Police: Wife believed Jonathan Dwyer was cheatingPosted: Updated:
PHOENIX (AP) -- Police say Arizona Cardinals running back Jonathan Dwyer broke his wife's nose with a head-butt during an argument that began after she learned about his recent phone contact with another woman.
Search-warrant records made public Tuesday say the July 21 argument came after Dwyer's wife came to believe her husband was cheating. Dwyer was arrested last week after his wife told police her husband assaulted her on July 21 and 22 at their Phoenix apartment.
The arrest came at a time when the NFL and Commissioner Roger Goodell are under fire over a series of violent off-the-field encounters involving some marquee players, including Ray Rice, Adrian Peterson and Greg Hardy.
The NFL has said the Dwyer case will be reviewed under the league's personal-conduct policy. The day after his arrest, the Cardinals placed Dwyer on the reserve/non-football illness list, meaning he can't play for Arizona again this season.
Dwyer is charged with aggravated assault, misdemeanor assault, disorderly conduct, criminal damage and preventing the use of a telephone during an emergency. Messages left for his lawyer, Jared Allen, weren't immediately returned Tuesday.
Dwyer is scheduled for a status conference on Oct. 6 and an Oct. 9 preliminary hearing.
In the first encounter, police say Dwyer attempted to kiss and undress his wife, but she refused. Someone who heard the argument called police, who showed up at the apartment but did not make an arrest.
Dwyer hid in a shower and his wife said she hadn't been assaulted and denied he was in the home because the running back threatened to kill himself in front of her and their child if she told police about the assault, police said.
The next day, Dwyer punched his wife in the face and threw a shoe at her and instead struck their 17-month-old son, whom she was holding, police said. The child wasn't injured.
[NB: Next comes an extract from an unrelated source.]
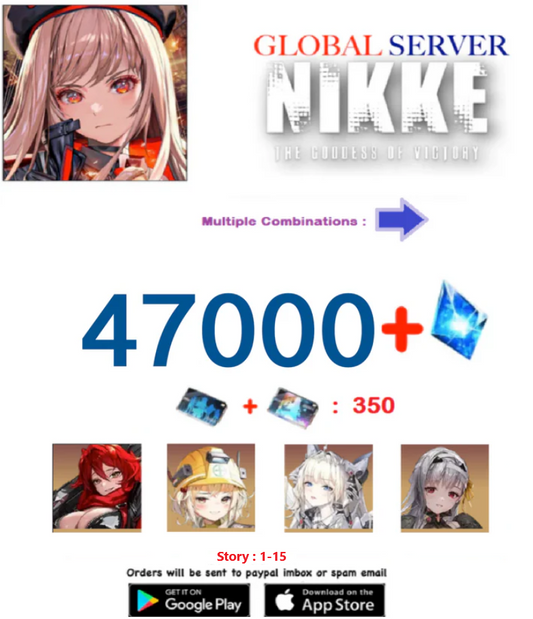 [Global Server]  47,000+ Gems GODDESS OF VICTORY: NIKKE Semi Starter Account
As his wife tried to call police, Dwyer grabbed her cellphone and threw it down from the apartment's second story, police said.
During a police interview, Dwyer acknowledged hiding in the bathroom when police responded to the first argument and sending a photo of a knife with suicidal threats after the first argument. Dwyer denied committing an assault, though he acknowledged that he punched walls in his home, threw a phone and that his wife bit his lip during the disputes, according to a police report.
The subject of the second argument is unknown.